I am really impressed that the Occupy movement is seeing, tracking and discussing the different types of policing. Most importantly the Occupy movement is seeing police as "one of us:"
As many Occupy protesters have pointed out, even as police officers help to safeguard the power and profits of the 1 percent, police officers are part of the 99 percent.
Within the peace movement there has been a discussion of the difference between a police office and solider, where "one of us" is the heart of the difference. Policing is a natural function. In fact, peace and protest communities will set up their own type of police force like marshals along side of protest. Also within the policing community, the same discussion of the difference between a police office and solider is also happening. Norm Stamper, who was Seattle’s police chief during the 1999 World Trade Center militaristic crackdown on WTO protesters, now says:
There will always be situations—an armed and barricaded suspect, a man with a knife to his wife’s throat, a school-shooting rampage—that require disciplined, military-like operations. But most of what police are called upon to do, day in and day out, requires patience, diplomacy and interpersonal skills. I’m convinced it is possible to create a smart organizational alternative to the paramilitary bureaucracy that is American policing… By building a progressive police organization, created by rank-and-file officers, “civilian” employees and community representatives… to build trust and mutual respect—qualities sorely missing from the current equation.

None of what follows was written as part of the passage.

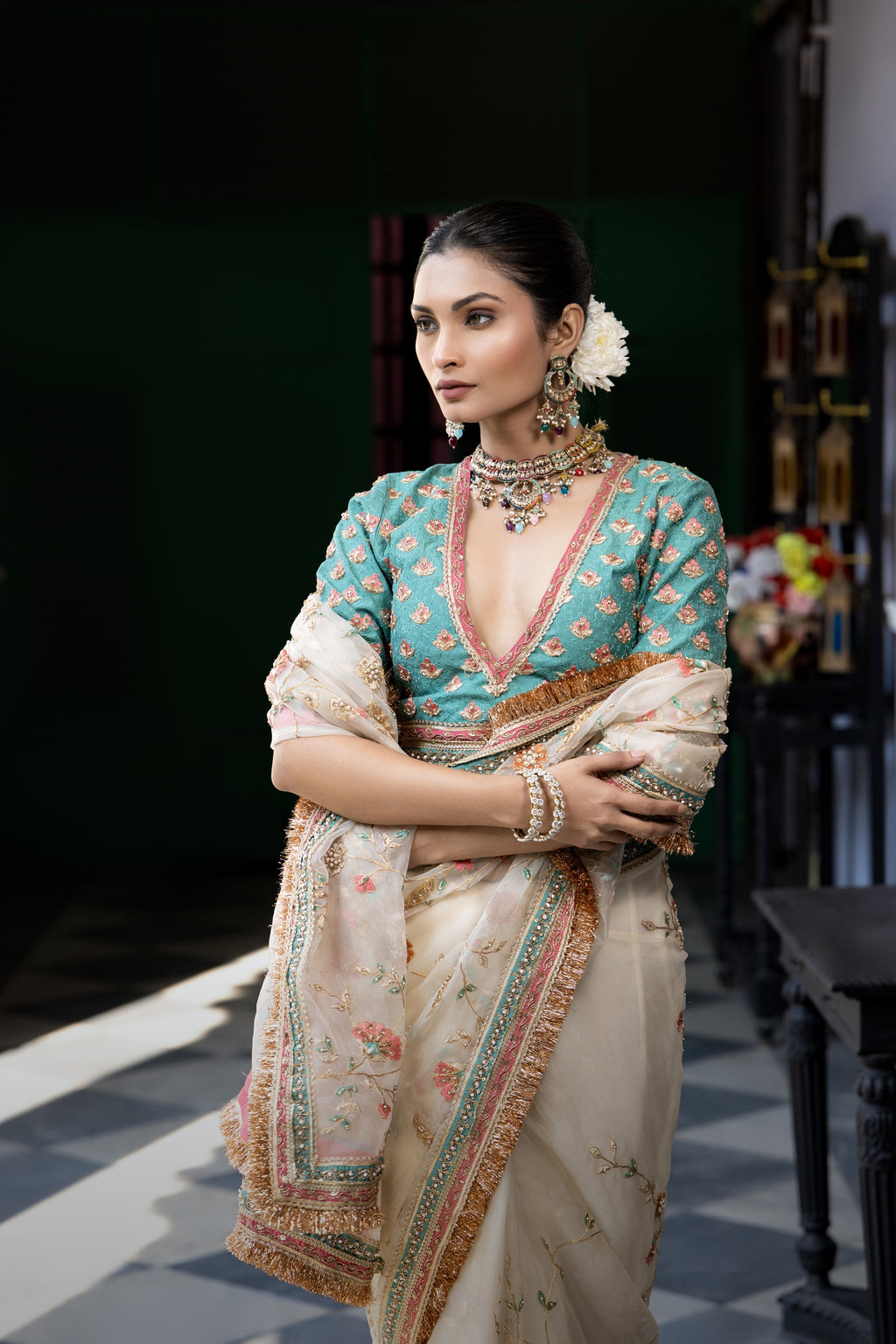 Ivory floral embroidered saree with teal blouse and ornate border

Also within the policing community, the same discussion is also happening. While Norm Stamper lost his job, the erroneous conclusion in policing was that was not enough violence instead seeing that wrong tactics were used. WTO 1999 marked the shift towards paramilitary policing:
Similar tactics, on the part of both police and protesters, were repeated at subsequent meetings of the WTO, IMF/World Bank, Free Trade Area of the Americas, and other international organizations, as well as the Democratic and Republican National Conventions in the US.
The protesting movement had forgotten the lessons of Martin Luther King and ignored a violent group of protesters called the "Black Block" who broke windows, pushed dumpsters and deflated tires. Those few allowed images of violence to portray the movement.
However media like always only follows the "if it bleeds, it leads" rule. And just like the media told falsehoods about St Paul 2008 national convention, the media had also told falsehoods about WTO 1999.
The New York Times printed an erroneous article that stated that protesters at the 1999 WTO convention in Seattle threw Molotov cocktails at police. Two days later, The New York Times printed a correction saying that the protest was mostly peaceful and no protesters were accused of throwing objects at delegates or the police, but the original error persisted in later accounts in the mainstream media.
The good news is that this Occupy movement is dedicated to the ways of peace and have rejected the Black Block tactics. Voices have ranged from the passionately logical to this boldly clear message:
To the cowards in masks who just want to break shit, you aren't helping at all, in fact, you are making things worse for EVERYONE. I have no idea what you have to offer anyone, you basically have nothing positive to add to the conversation we'd like to have. In short, F U, because your idiotic acts of violence and senseless damage of property is certainly going to be used to smear every peaceful person in the Occupy Wall Street movement, so not only are you not adding anything positive, the only thing you are adding is negative.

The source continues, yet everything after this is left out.